Do you want to sell more inventory from your brick-and-mortar store? Microsoft Advertising has a new way to help you do it.
Bing Ads, which recently rebranded as Microsoft Advertising, made Local Inventory Ads available to small businesses across the United States in June. Small businesses outside the United States will have to wait a little longer because Local Inventory Ads are limited to the U.S. for now.
If you’re interested in learning how to use Local Inventory Ads to attract customers on Bing, keep reading.
Local Inventory Ads (LIAs) are ads that help customers find the products they want from nearby stores. If a retailer uploads a local product to a Microsoft Advertising campaign, then potential customers will see an LIA for that product when they search for something similar in Bing. If this sounds like Google’s Local Inventory Ads, you’re right.

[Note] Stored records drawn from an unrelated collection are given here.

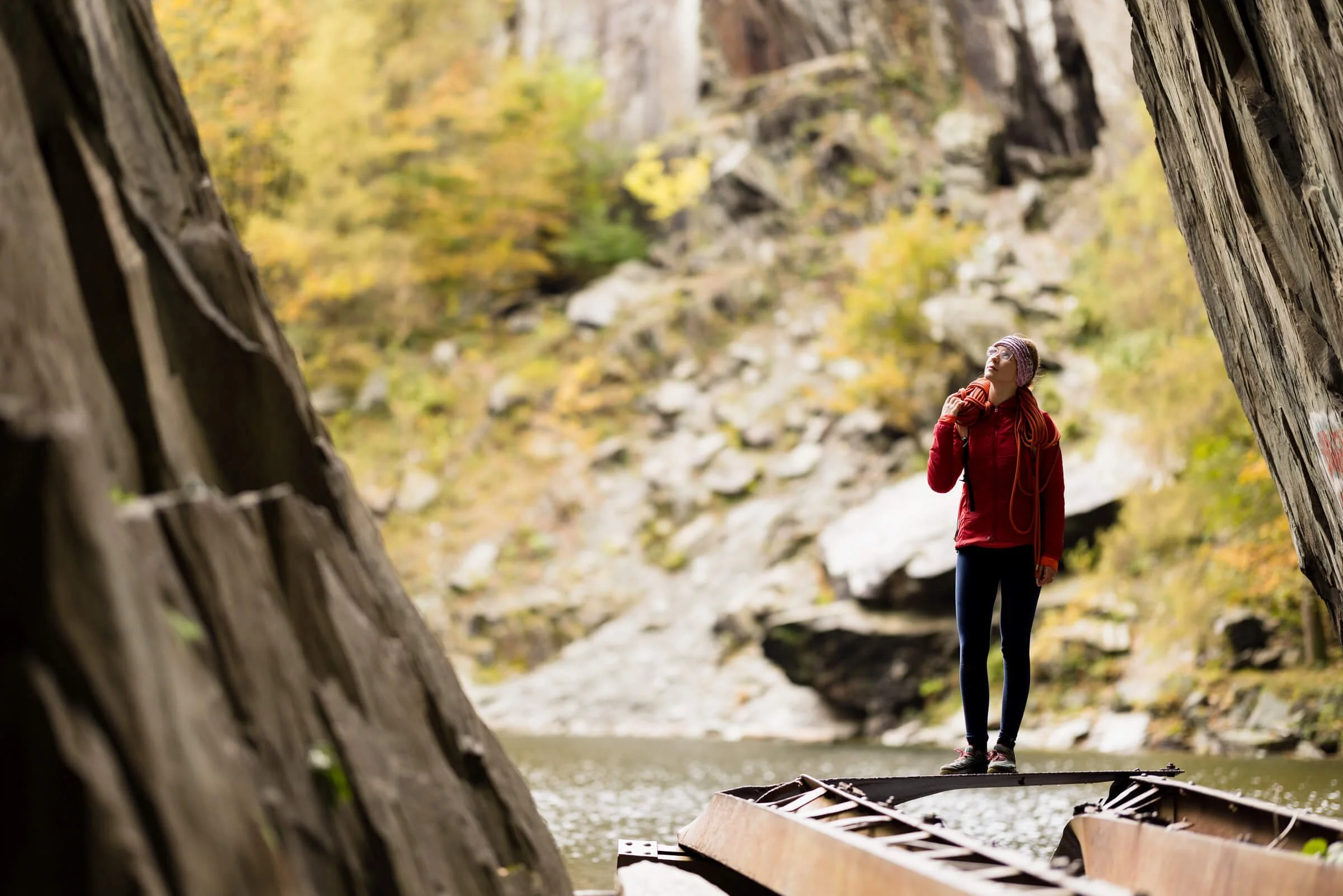 Person in red jacket holding climbing rope standing on a rocky platform near a cliff and water.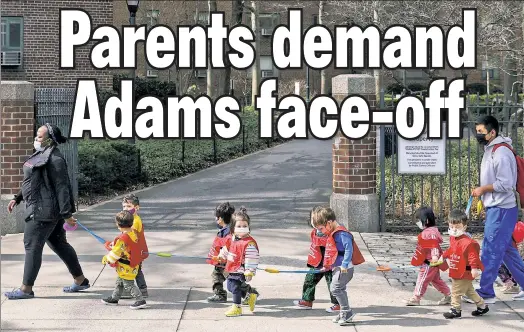  ?? ?? STILL COVERED: Children under 5 wear masks in Manhattan — even as everyone else in the city has been given the go-ahead to go mask-free.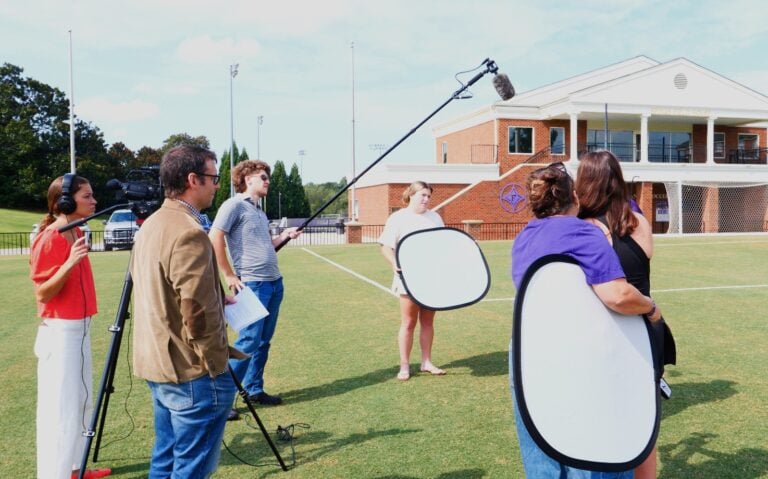 A group of young people film an interview in a soccer field.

Microsoft Advertising’s Local Inventory Ads appear above the search results. In the image below, there are two LIAs from Target that are marked with a map icon and the words “In Store.” Can you spot them?

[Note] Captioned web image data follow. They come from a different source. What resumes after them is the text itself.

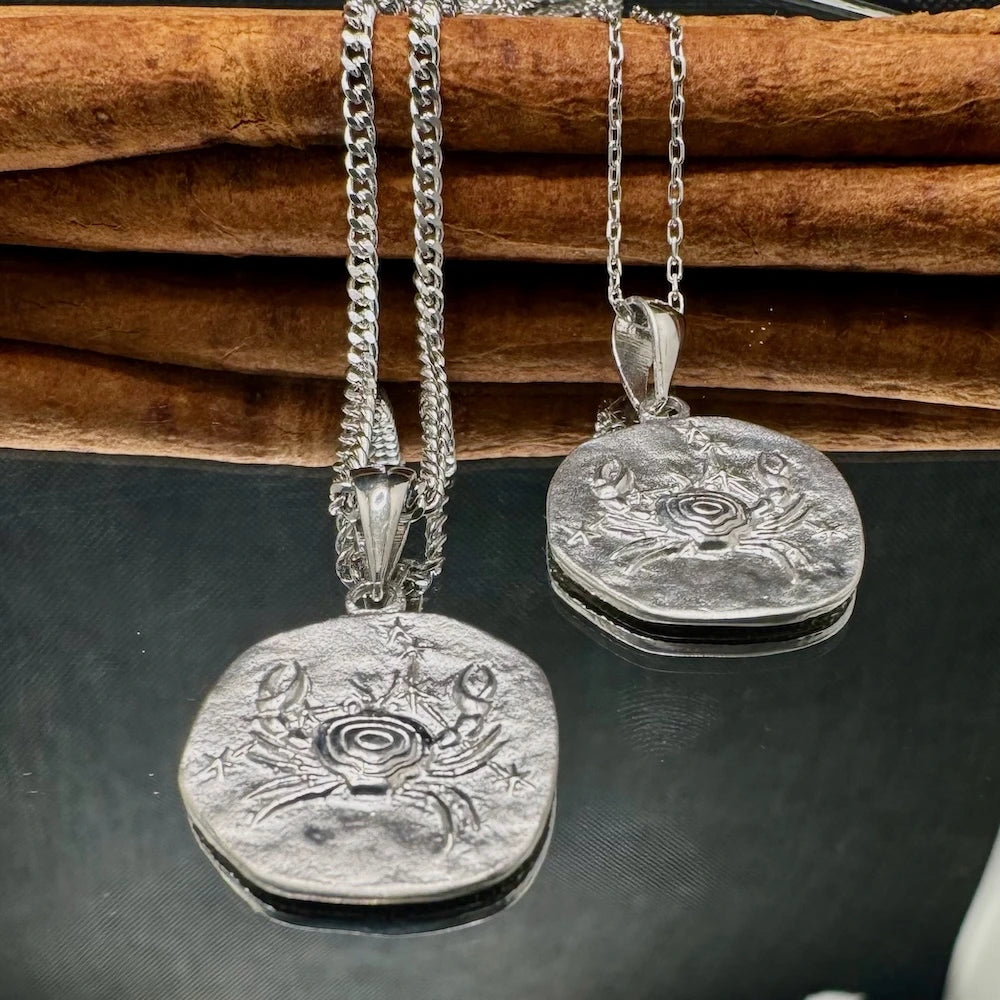 Sterling silver crab pendant necklace, perfect for beach lovers and casual wear, ideal for both men and women.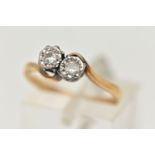 AN 18CT GOLD DIAMOND TWO STONE RING, cross over ring, set with two round brilliant cut diamonds,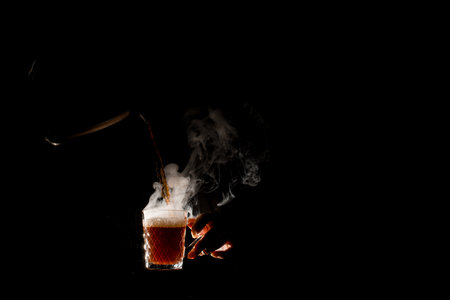 Wonderful view of illuminated transparent steaming cup at dark in which pouring drinkの写真素材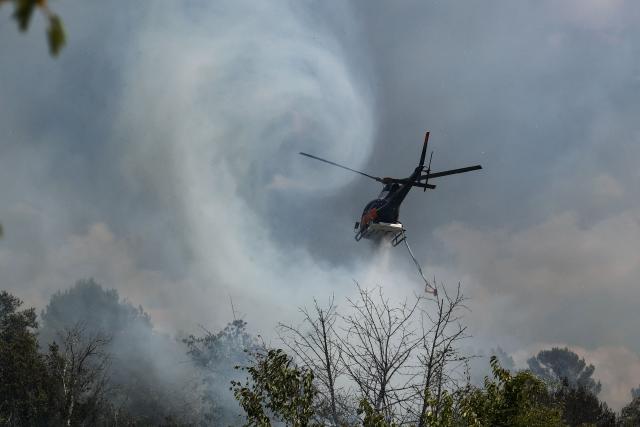 A helicopter drops water over a burning area as a wildfire flares up again in Ponteves, southeastern France on July 22, 2026. Firefighters have managed to contain the fierce blaze that swept through 2,550 hectares in the Var in less than a day, forcing the evacuation of around 500 people, and which on July 22, 2026 is still burning across a vast mountainside. (Photo by Thibaud MORITZ / AFP)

Microsoft Advertising’s LIAs look a bit different from Google’s LIAs, which appear in a speech bubble with a blue map icon and the words “Store Pickup” or “In Store.” You can see some examples of Google’s LIAs in the image below.
There are lots of things you can do to sell more online and setting up LIAs is one tactic you should definitely consider. Want in on this new way to make more sales? First, you’ll need a Microsoft Advertising account. Fit Small Business has a great guide to Microsoft Advertising that will walk you through how to create an account, select keywords and set up a campaign.

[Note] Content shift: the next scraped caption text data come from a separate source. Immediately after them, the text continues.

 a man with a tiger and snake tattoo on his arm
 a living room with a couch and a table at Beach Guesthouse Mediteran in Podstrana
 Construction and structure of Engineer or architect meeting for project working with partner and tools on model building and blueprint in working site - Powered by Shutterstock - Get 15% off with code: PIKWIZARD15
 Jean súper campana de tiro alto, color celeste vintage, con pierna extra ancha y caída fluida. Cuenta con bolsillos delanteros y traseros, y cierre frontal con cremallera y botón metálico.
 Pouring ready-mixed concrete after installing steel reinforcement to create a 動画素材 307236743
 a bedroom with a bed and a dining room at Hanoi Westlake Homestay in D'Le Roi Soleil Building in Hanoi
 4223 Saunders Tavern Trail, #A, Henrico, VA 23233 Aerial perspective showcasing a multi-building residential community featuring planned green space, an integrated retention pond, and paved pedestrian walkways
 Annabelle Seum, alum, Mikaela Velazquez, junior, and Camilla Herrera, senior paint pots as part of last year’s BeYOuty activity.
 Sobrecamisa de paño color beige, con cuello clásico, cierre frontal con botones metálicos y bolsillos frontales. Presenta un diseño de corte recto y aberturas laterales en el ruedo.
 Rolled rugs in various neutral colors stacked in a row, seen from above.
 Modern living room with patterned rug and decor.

If you’re already using Microsoft Advertising, you can follow these four steps to get your inventory seen by anyone who is looking for similar products in the neighborhood.
1. Import Your Location Data to Your Microsoft Advertising Account
Not all accounts have this feature as of this article’s publication date, but many do and Microsoft says everyone will have it soon. Once your account has this feature, you’ll be able to link your Microsoft Advertising account to your Google My Business page and share your store location data through an automated feed.
Check out Microsoft’s detailed instructions for how to set up this automated business data feed.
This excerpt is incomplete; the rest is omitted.